=== WHAT THE TASK ASKS ===
Would you give back exactly the lines from the line with "Позашляховик / Кросовер" through the end of the entries below, both included, but none of the pictures?

§ §

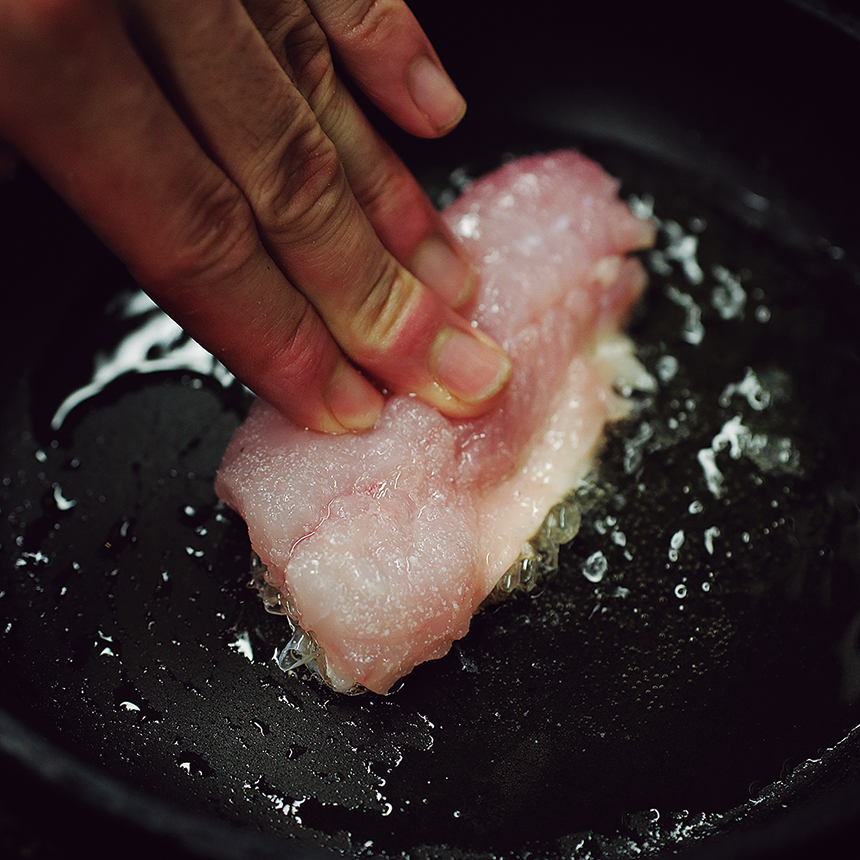 アマダイを焼く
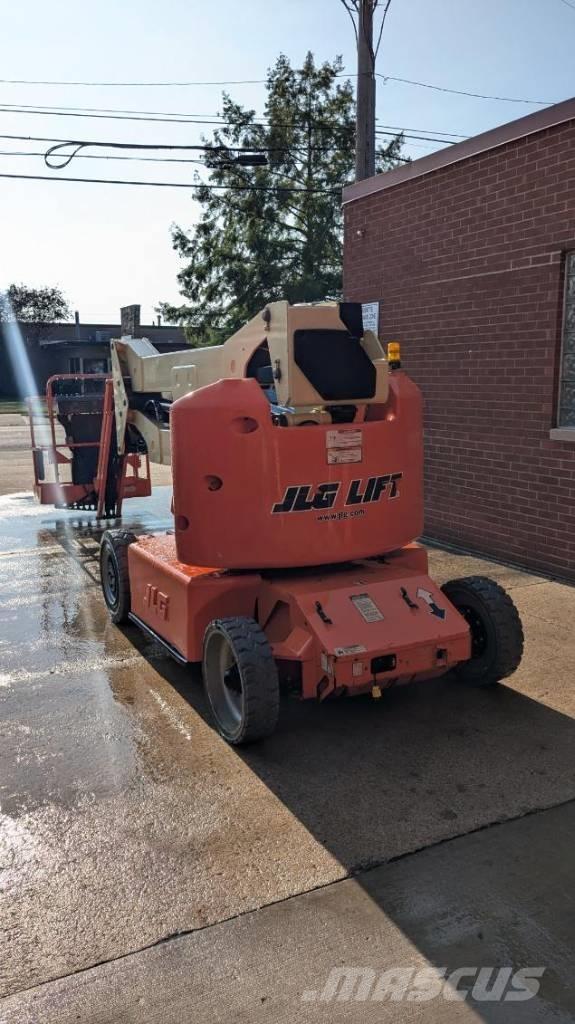 JLG E 400 AJPN Kloubové plošiny
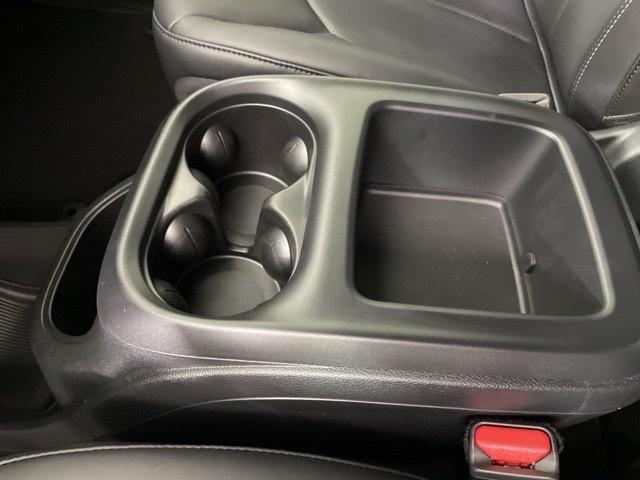 new 2025 Chrysler Pacifica car, priced at $37,945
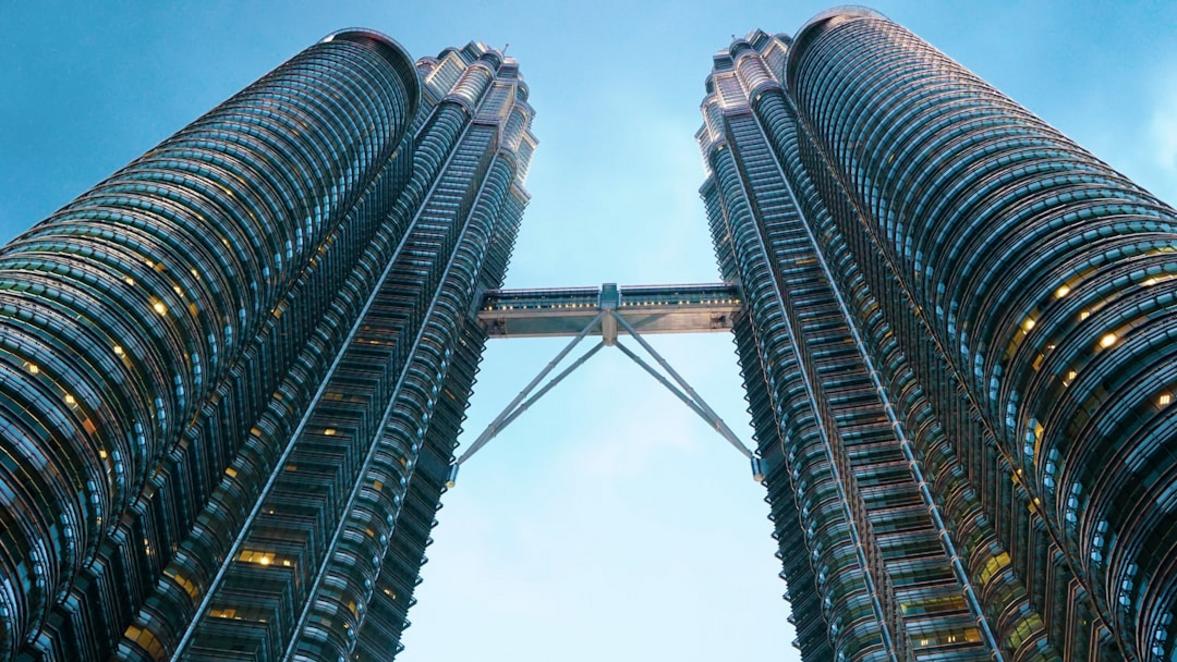 Indien and Malaysia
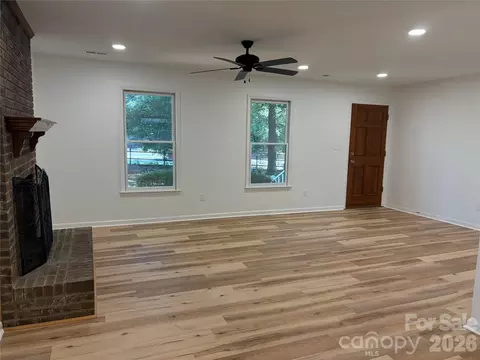 Living - 503 E Wilson St, Wingate, NC 28174 photo 2 of 3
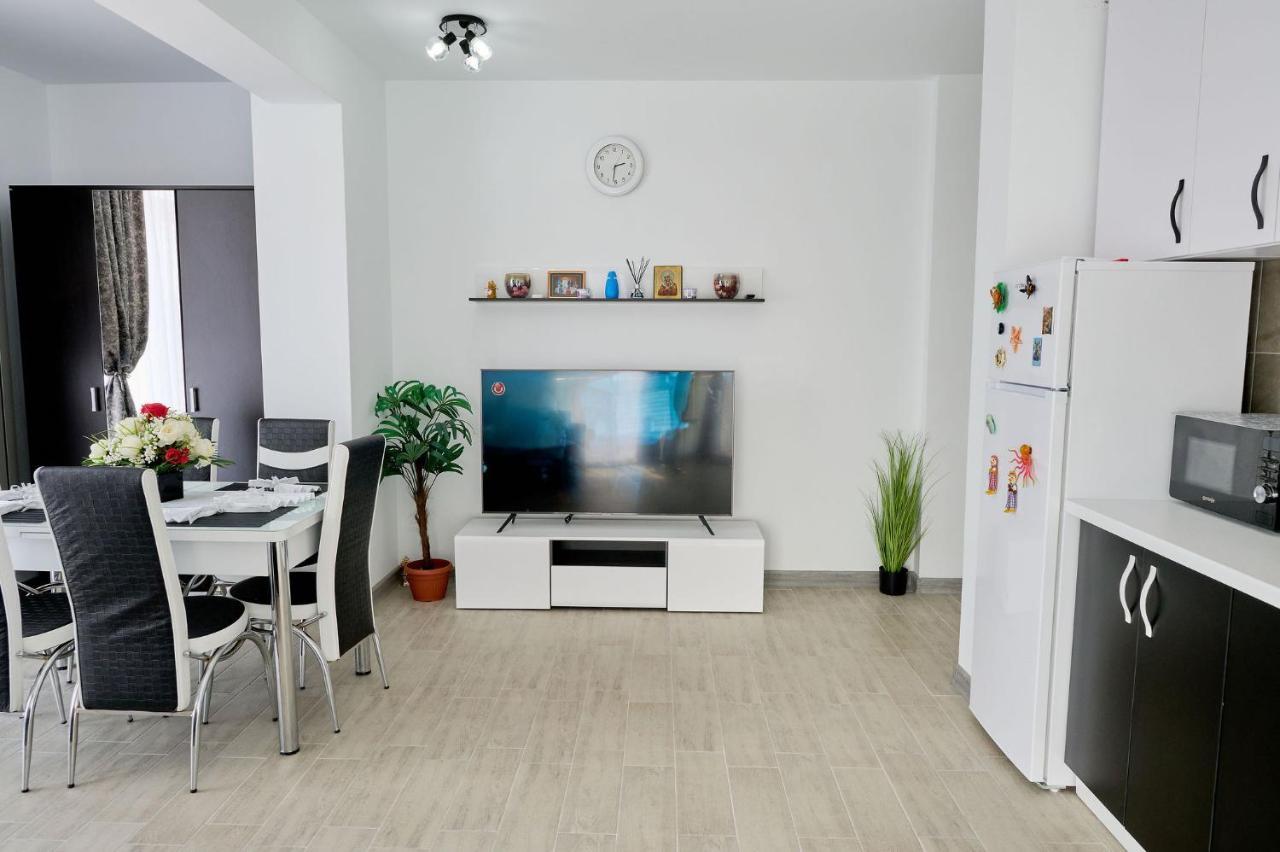 Moon Sea View Apartment - Spa N Pools Resort مامايا المظهر الخارجي الصورة
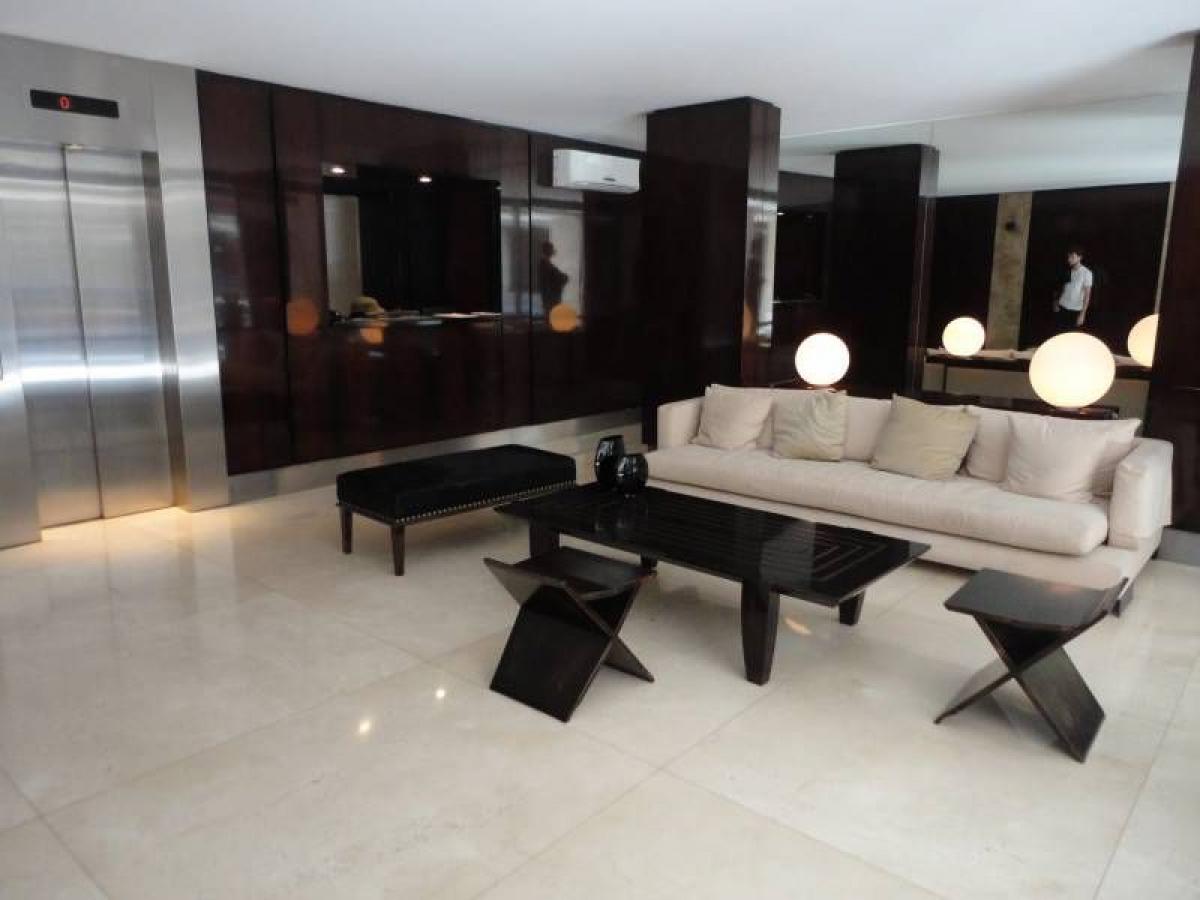 Studio in Buenos Aires, Argentina No. 82263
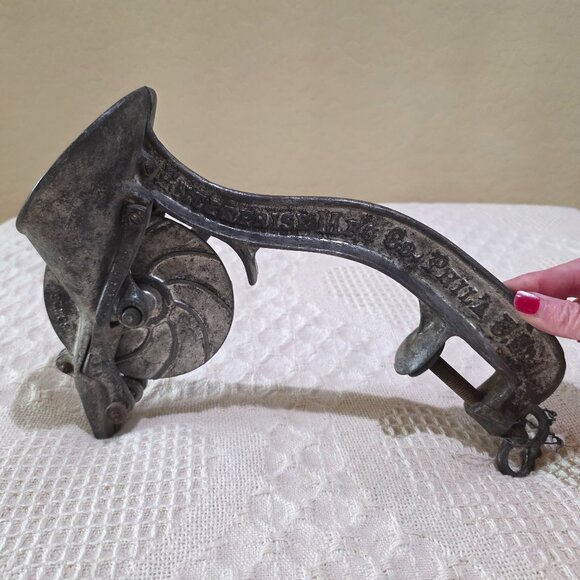 Antique Enterprise Cherry Stoner No 118 Philadelphia PA  USA 1917 Pat Cast Iron - Picture 2 of 15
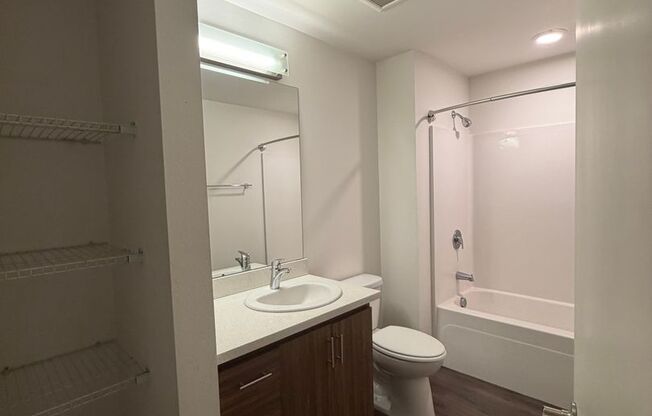 1 bed, 1 bath, 580 sqft, $1,550, Unit 310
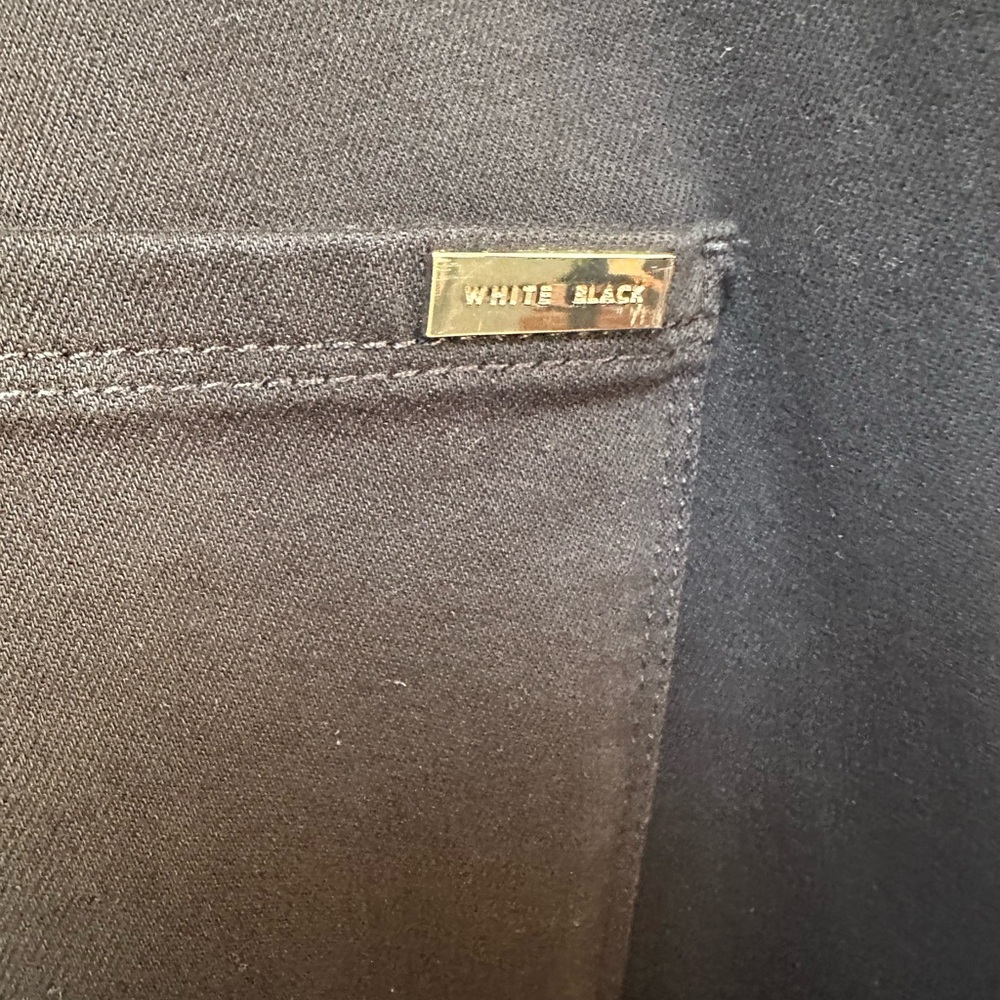 White House Black Market Black Studded Skinny Jeans - Picture 4 of 8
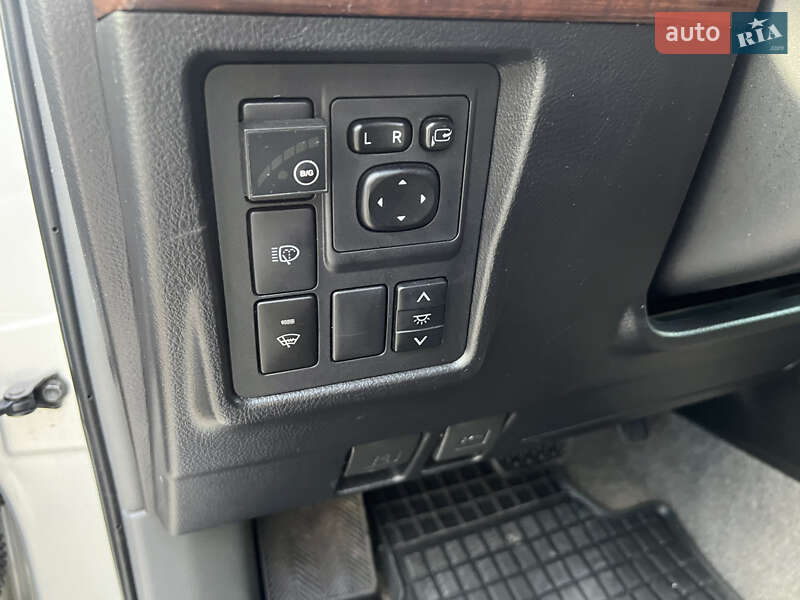 Позашляховик / Кросовер Toyota Land Cruiser Prado 2011 в Ужгороді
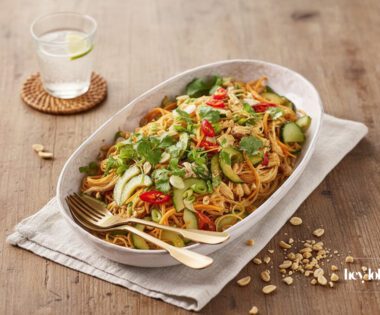 bang bang turkey noodle salad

§ §

=== SOLUTION FOR THIS TASK ===
 Позашляховик / Кросовер Toyota Land Cruiser Prado 2011 в Ужгороді
 bang bang turkey noodle salad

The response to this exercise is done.